#### MATERIAL PROVIDED:
....

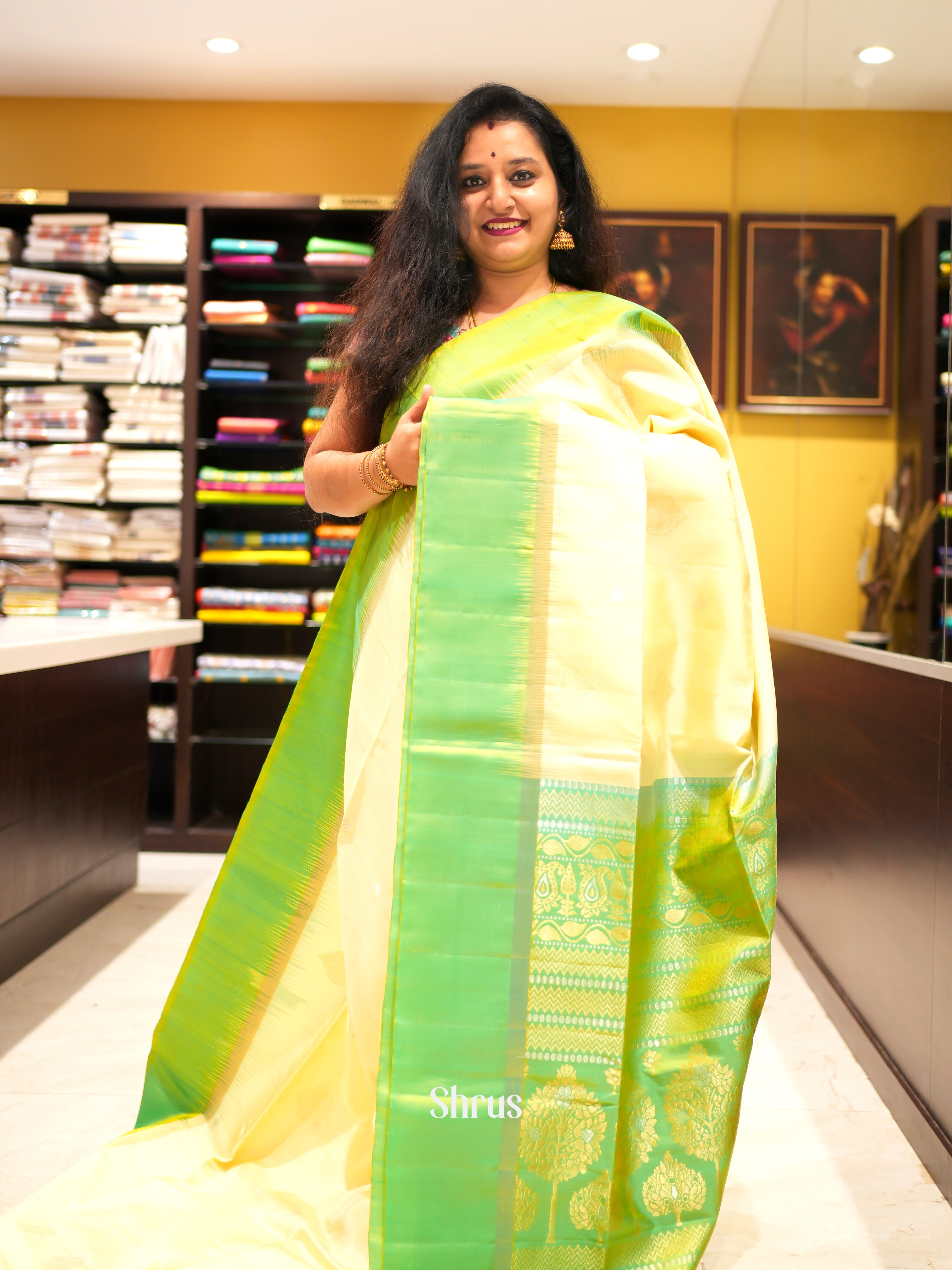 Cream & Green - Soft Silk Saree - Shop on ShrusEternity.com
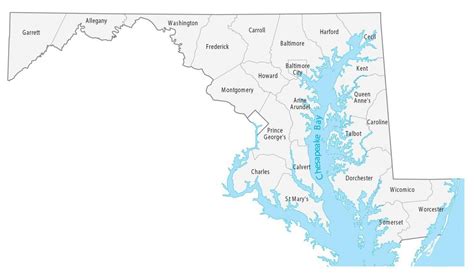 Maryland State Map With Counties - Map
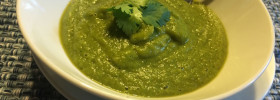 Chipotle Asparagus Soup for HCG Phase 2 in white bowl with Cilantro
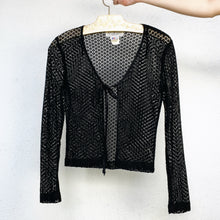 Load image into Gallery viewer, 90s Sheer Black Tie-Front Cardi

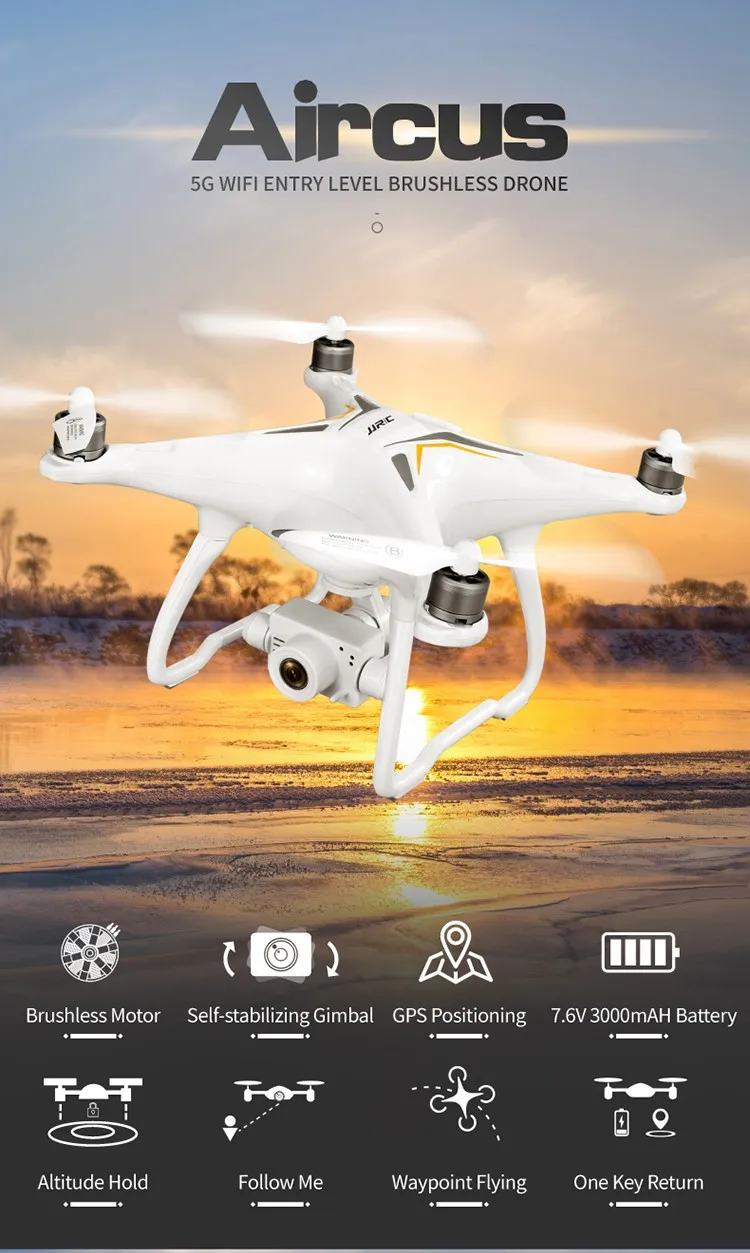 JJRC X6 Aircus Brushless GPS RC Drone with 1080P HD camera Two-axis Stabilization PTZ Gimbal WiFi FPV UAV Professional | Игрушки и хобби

....

#### WHAT NEEDS TO BE DONE:
Your copy must start at the line that holds "Chipotle Asparagus Soup" and end at the last line of the data, both included; it must contain no pictures.

#### REPLY:
 Chipotle Asparagus Soup for HCG Phase 2 in white bowl with Cilantro
 Load image into Gallery viewer, 90s Sheer Black Tie-Front Cardi

 JJRC X6 Aircus Brushless GPS RC Drone with 1080P HD camera Two-axis Stabilization PTZ Gimbal WiFi FPV UAV Professional | Игрушки и хобби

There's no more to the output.